Chinese Medical Team Research: 64.6% Complete Remission Rate, Over Half of Patients Progression-Free for More Than Two Years! Targeted Therapy Combined with Chemotherapy is Safe and Effective as First-Line Treatment for Lymphoma

**Chinese Medical Team Research: 64.6% Complete Remission Rate, Over Half of Patients Progression-Free for More Than Two Years! Targeted Therapy Combined with Chemotherapy is Safe and Effective as First-Line Treatment for Lymphoma**

Lymphoma

Peripheral T-cell lymphoma (PTCL) is a group of highly aggressive and heterogeneous diseases with poor prognosis. The standard CHOP regimen (cyclophosphamide, doxorubicin, vincristine, and prednisone) is widely used as first-line treatment for PTCL. Previous studies have confirmed the safety and efficacy of combining various targeted drugs with CHOP (CHOPX) for PTCL treatment. However, there are multiple PTCL subtypes with different mutations, such as TP53, TET2, KMT2D, and CREBBP/EP300, and evidence is still lacking regarding the effectiveness of these combined treatment regimens in patients with specific genetic mutations.

Recently, a Chinese study published in *The Lancet Regional Health–Western Pacific* showed that selecting targeted therapies based on specific genetic mutations, combined with CHOP as a first-line treatment for PTCL, demonstrated good efficacy and safety. Compared to standard CHOP, CHOPX treatment achieved a higher complete remission rate and longer progression-free survival. This study was conducted by a Chinese medical team.

This was an open-label, multi-center, non-randomized, external-controlled phase 2 clinical trial (code-named GUIDANCE-03) conducted across seven medical centers in China. The trial compared the efficacy and safety of targeted drug combinations based on specific genetic mutations with CHOP (CHOPX) versus CHOP alone in newly diagnosed PTCL patients.

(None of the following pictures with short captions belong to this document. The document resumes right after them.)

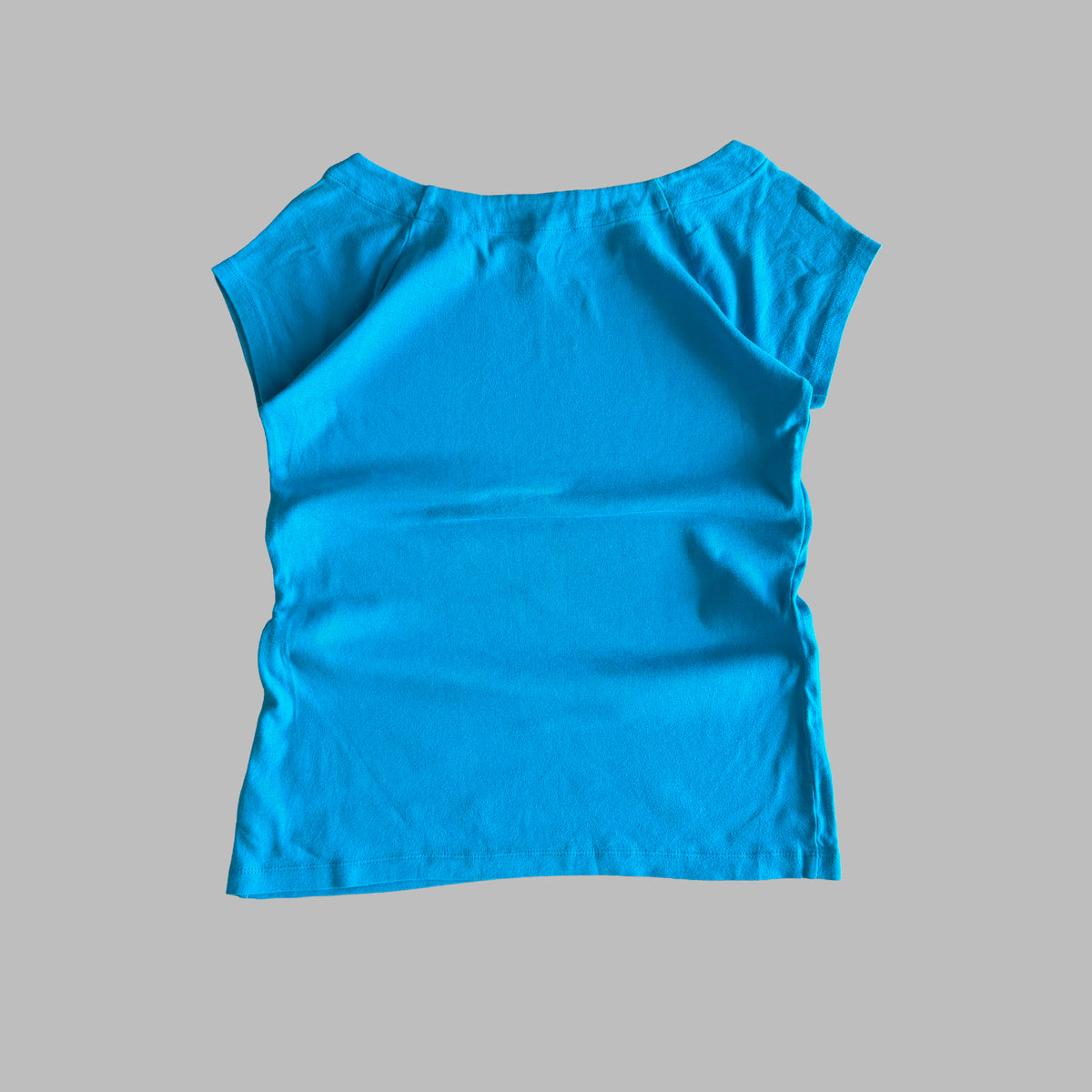 Y2K Ralph Lauren Scoop Neck Top - M/L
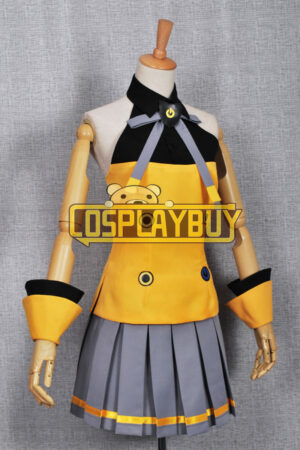 Vocaloid 3 Cosplay SeeU Dress Costume
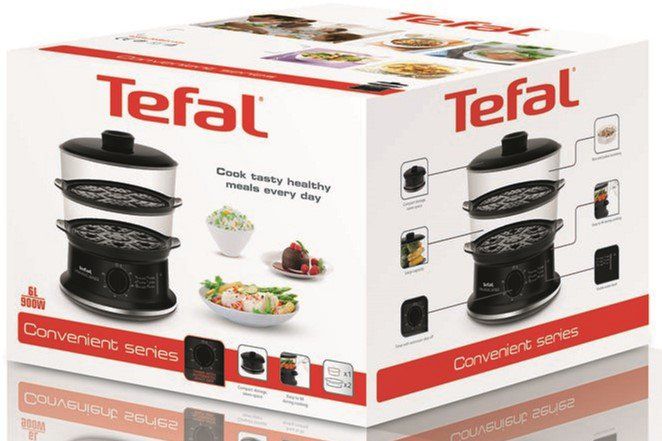 Пароварка TEFAL VC140131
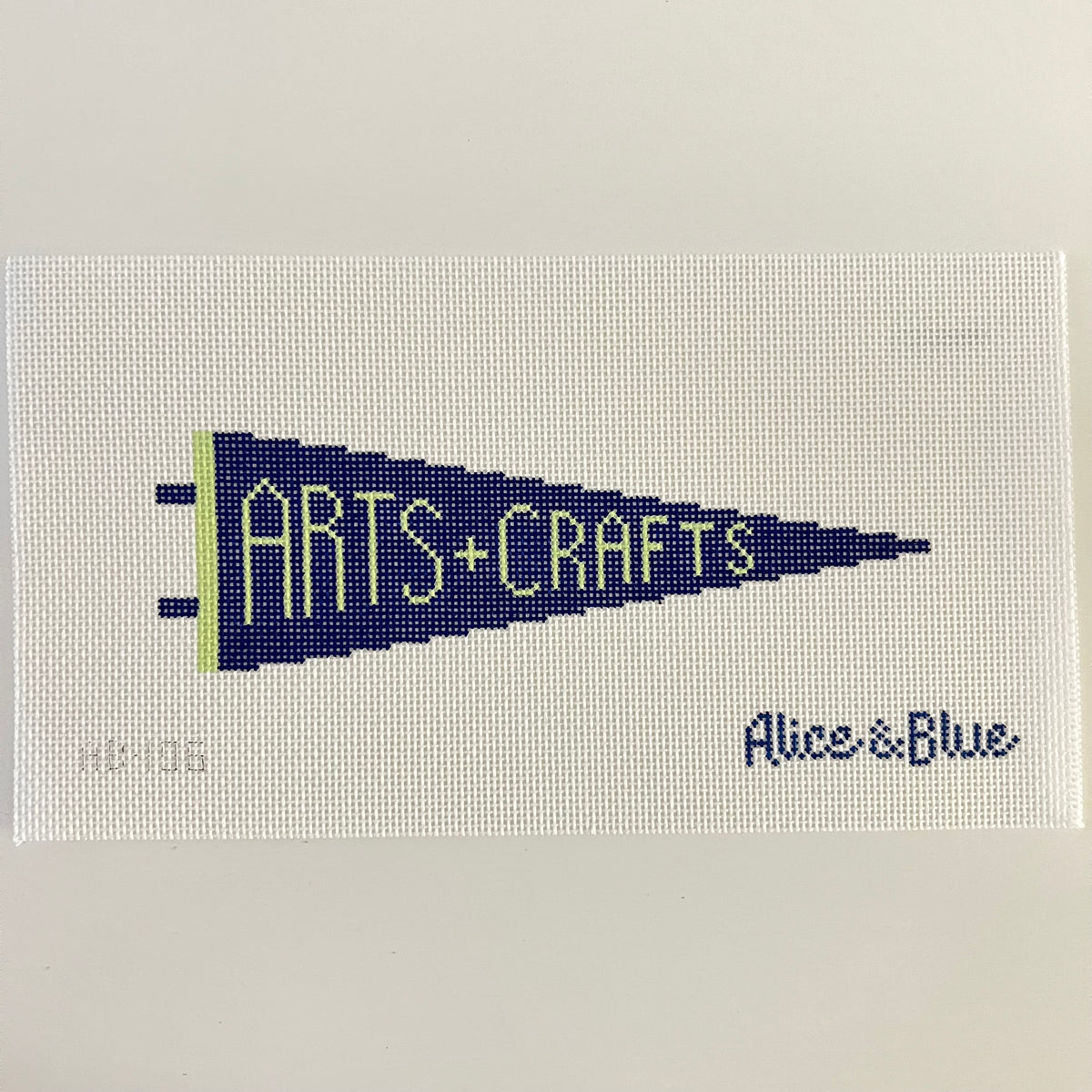 Arts + Crafts Pennant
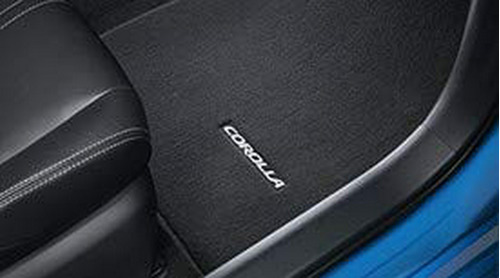 Foto de Tapetes - Toyota Genuine Corolla Hatchback Floor Mat Set Pt*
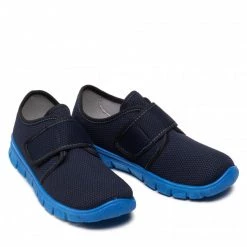 Mules Et Sandales Chaussons SUPERFIT - 0-800268-8100 S Ocean Kombi Bleu Marine -Superfit Soldes 0000300445877 03 ph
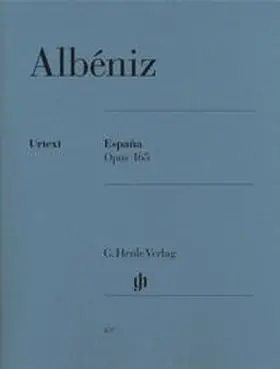 Albéniz / Müllemann |  Albéniz, Isaac - España op. 165 | Buch |  Sack Fachmedien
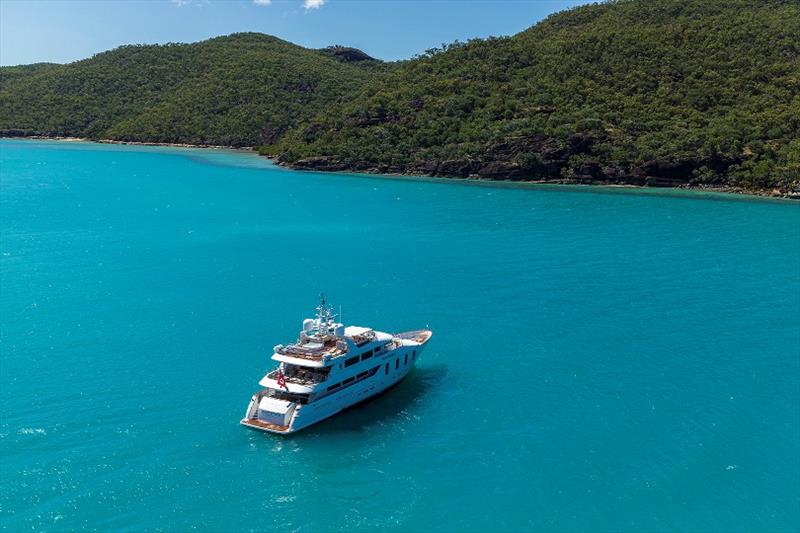 Silentworld the 2018 winner of the Superyacht Australia Voyager Award photo copyright Andrea Francolini taken at  and featuring the Superyacht class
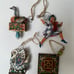 Vintage Jim Shore Enesco Heartwood Creek Twelve 12 days Of Christmas Ornaments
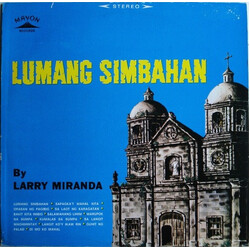 Larry Miranda Lumang Simbahan Vinyl LP USED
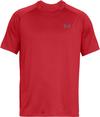 Under Armour TECH Funktionsshirt Herren - red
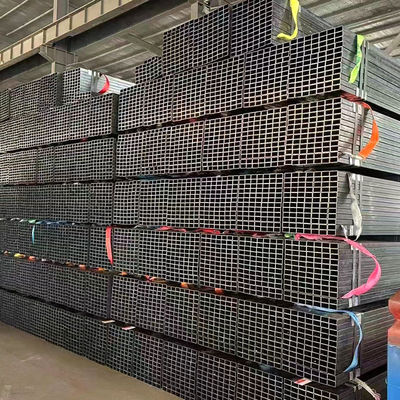 Rechteckige Hohlrohr Stahlrohr aus Edelstahl Dünnwand Quadratrohr 20x30 mm für den Schneiddienst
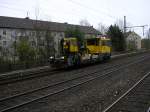 Wagen der DB Netz Instandhaltung in BO Hamme(10.03.2008)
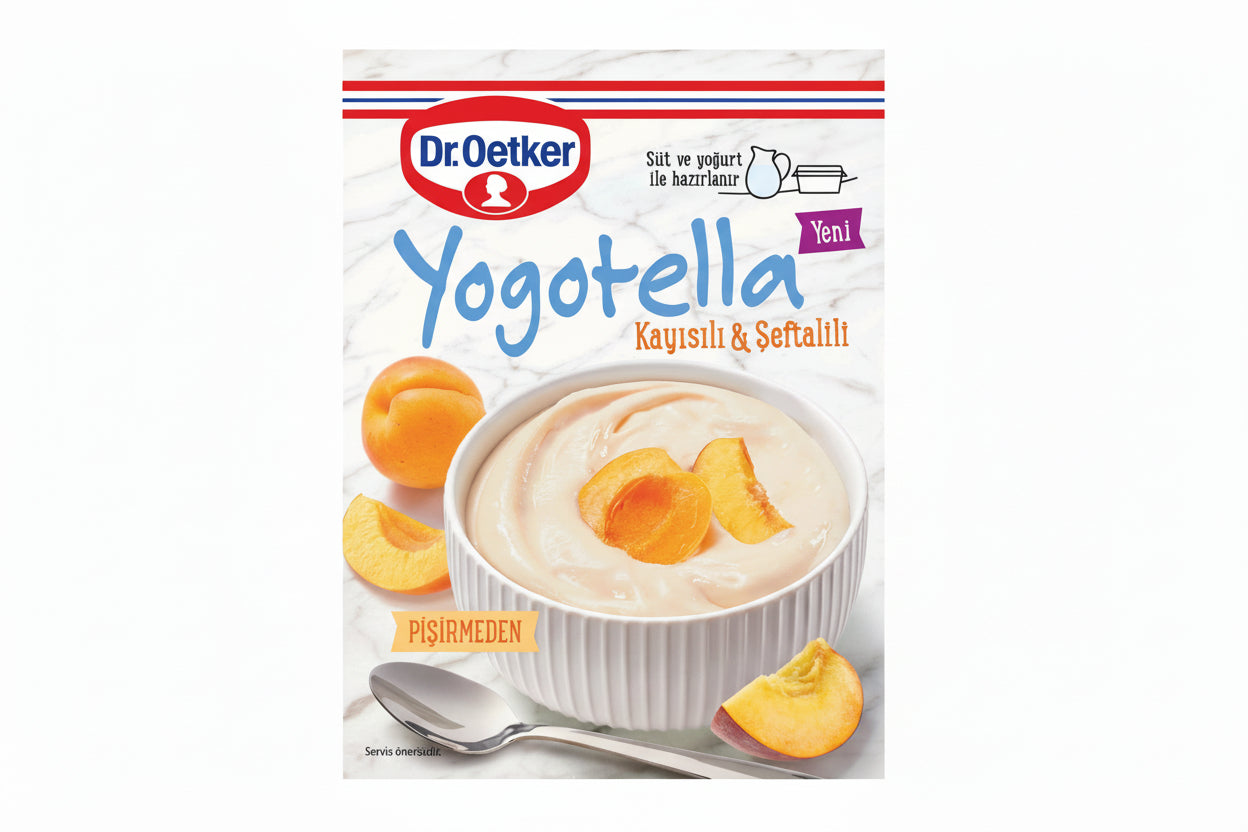 Yogotella Kayısı ve Şeftali 69 Gr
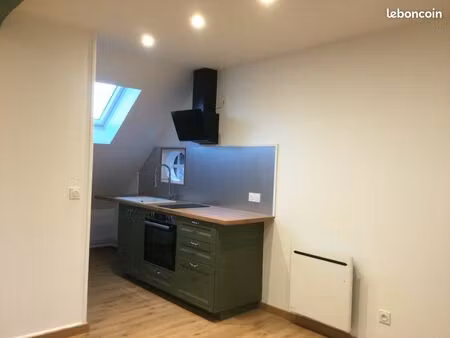 studio au centre d'eu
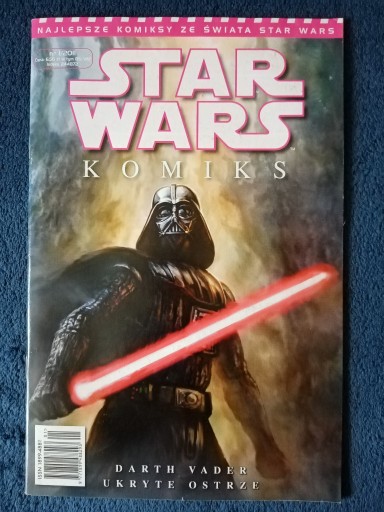 Zdjęcie oferty: Star Wars Komiks nr 1/2011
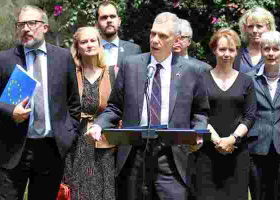 Jubilee MPs Write to Foreign Envoys Over Raila's Withdrawal from Presidential Race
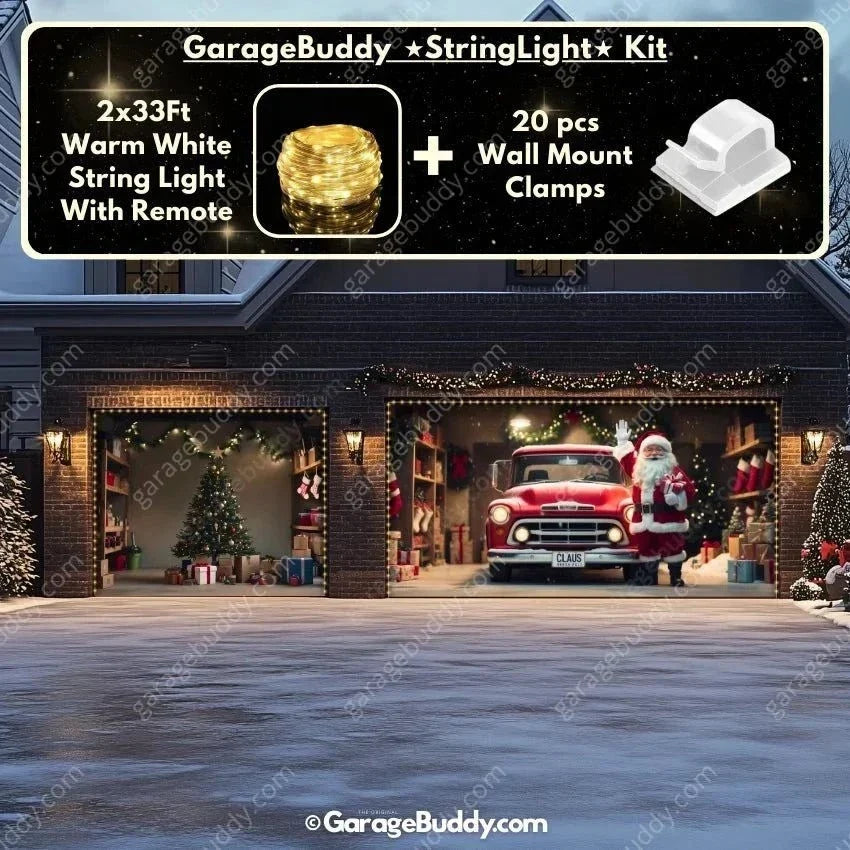 Thermabuild | Santa's Garage Door Cover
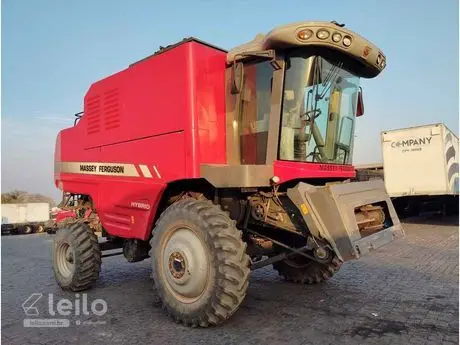 COLHEITADEIRA - MASSEY FERGUSON/MF 6690 HYBRID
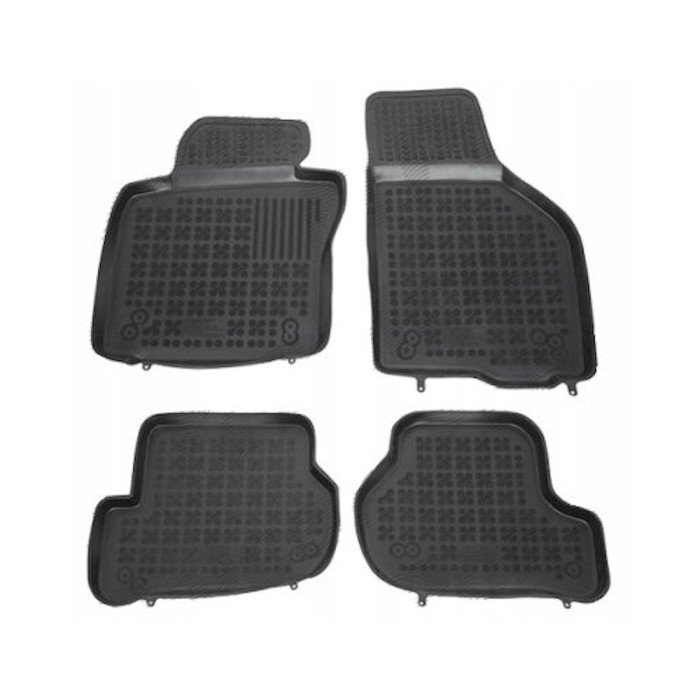 Set covorase auto din cauciuc AUDI A3 (8P), 2003-2012, Seat LEON (1P1), 2005-2012, Skoda OCTAVIA II (1Z3/1Z5), 2004-2013; GOLF 5 (1K), GOLF 6 (5K); J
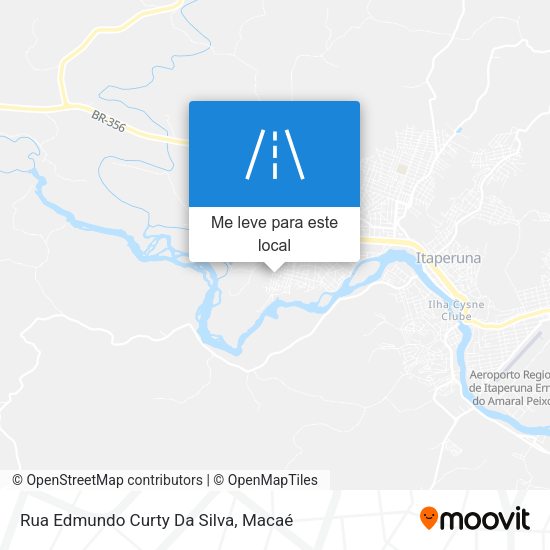 Rua Edmundo Curty Da Silva mapa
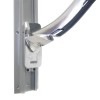Ergotron MX Wall Monitor Arm, 45-228-026 (POLISHED ALUMINUM)Ergotron Industrial
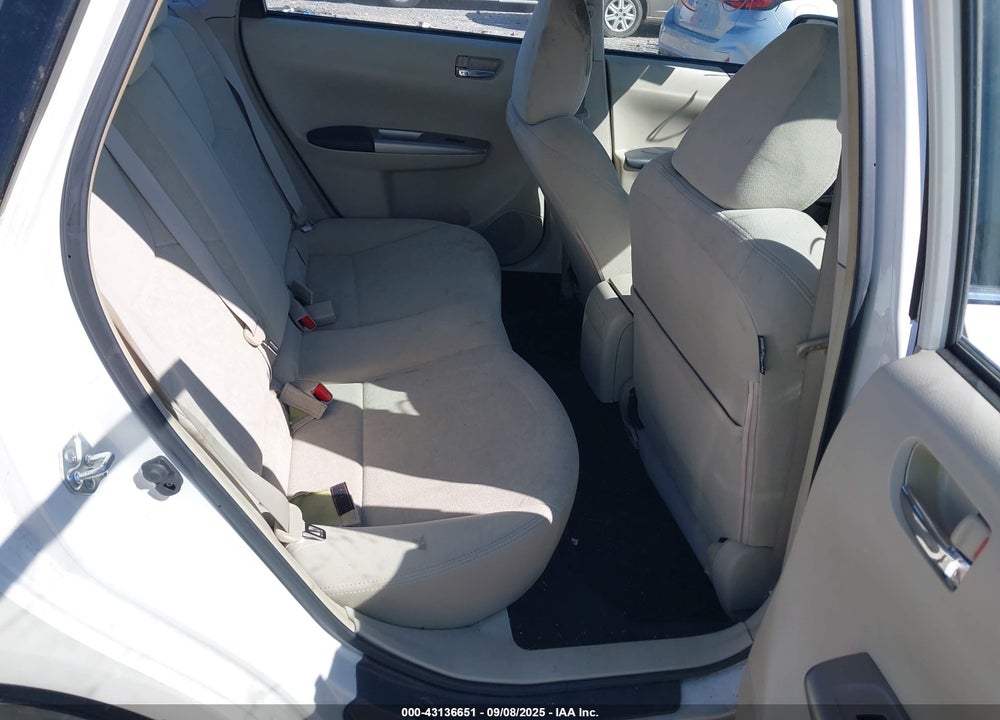 2009 SUBARU IMPREZA VIN: JF1GE60659H507049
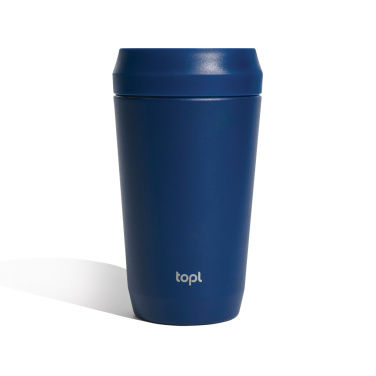 Logotrade corporate gifts photo of: Topl Recycled Steel To Go Tumbler Patented 360 Lid 354ml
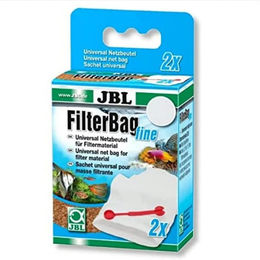 JBL FilterBag fine Filterbeutel aus Nylon für Aquarien-Filtermedien 2 Stück – Bild 1 von 10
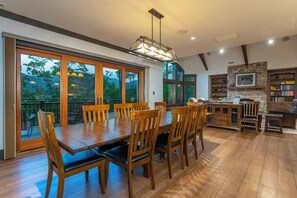Dining - Here Comes the Sunset | Modern Luxury & Year-Round Mountain Views! (Black Mountain)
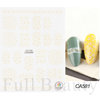 Nail stickers, fresh adhesive fake nails for nails, suitable for import, new collection, flowered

A total of 96 newly diagnosed PTCL patients (aged ≥18 years, median age 63 years) were enrolled in the study, with 48 patients in each group (CHOPX and CHOP). Genetic sequencing results showed that 93 patients (96.9%) carried genetic mutations. Patients in the CHOPX group received standard CHOP treatment during the first treatment cycle. Starting from the second cycle, targeted drugs were added based on the patient’s specific genetic mutations: decitabine (for TP53 mutations), azacitidine (for TET2/KMT2D mutations), chidamide (for CREBBP/EP300 mutations), and lenalidomide (for patients without these mutations), with a total of six treatment cycles. Patients in the CHOP group received six cycles of CHOP treatment.

The primary endpoint of the study was the complete remission rate (CRR) at the end of treatment. Secondary endpoints included overall response rate (ORR), progression-free survival (PFS), overall survival (OS), and safety. The analysis results showed:

– At the end of treatment, the CRR of the CHOPX group was superior to that of the CHOP group. Compared to the CHOP group, the CHOPX group saw an approximate 30% improvement in CRR (64.6% vs. 33.3%, OR 0.27, 95% CI 0.12-0.64; P=0.004), achieving the primary endpoint of the study.

– For secondary endpoints, the ORR of the CHOPX group was better than that of the CHOP group (66.7% vs. 52.1%).

– During a median follow-up period of 24.3 months, the median PFS of the CHOPX group was significantly longer than that of the CHOP group (25.5 months vs. 9.0 months; HR 0.57, 95% CI 0.34-0.98; P=0.041), with a 43% reduction in the risk of disease progression or death. The 2-year PFS rates for the two groups were 53.2% (95% CI 38.7-67.7) and 28.0% (95% CI 13.6-42.3), respectively.

In terms of OS, the median OS for the CHOPX group has not yet been reached, while the median OS for the CHOP group was 30.9 months. The CHOPX group showed a trend toward improved OS, but the current statistical results are not significant (HR 0.55, 95% CI 0.28-1.10; P=0.088). The 2-year OS rates for the two groups were 68.0% and 60.8%, respectively.

Regarding safety, neutropenia was the most common adverse event in both the CHOPX and CHOP groups (82% in the CHOPX group and 73% in the CHOP group). The most common grade 3-4 hematologic adverse event in both groups was neutropenia, and the most common grade 3-4 non-hematologic adverse event was infection. In the CHOPX group, 65% (31 patients) reported neutropenia, but no patients experienced prolonged neutropenia (>14 days) or required dose adjustments of the targeted drugs, and 10% (5 patients) experienced infections. In the CHOP group, these proportions were 52% (25 patients) and 4% (2 patients), respectively.

In conclusion, the study results indicate that different targeted drugs combined with CHOP demonstrate good efficacy and safety. These findings provide preliminary evidence supporting the use of CHOPX as a first-line treatment for PTCL patients with different genetic mutations, and suggest that biomarker-driven treatment strategies are feasible and worth further exploration in the future.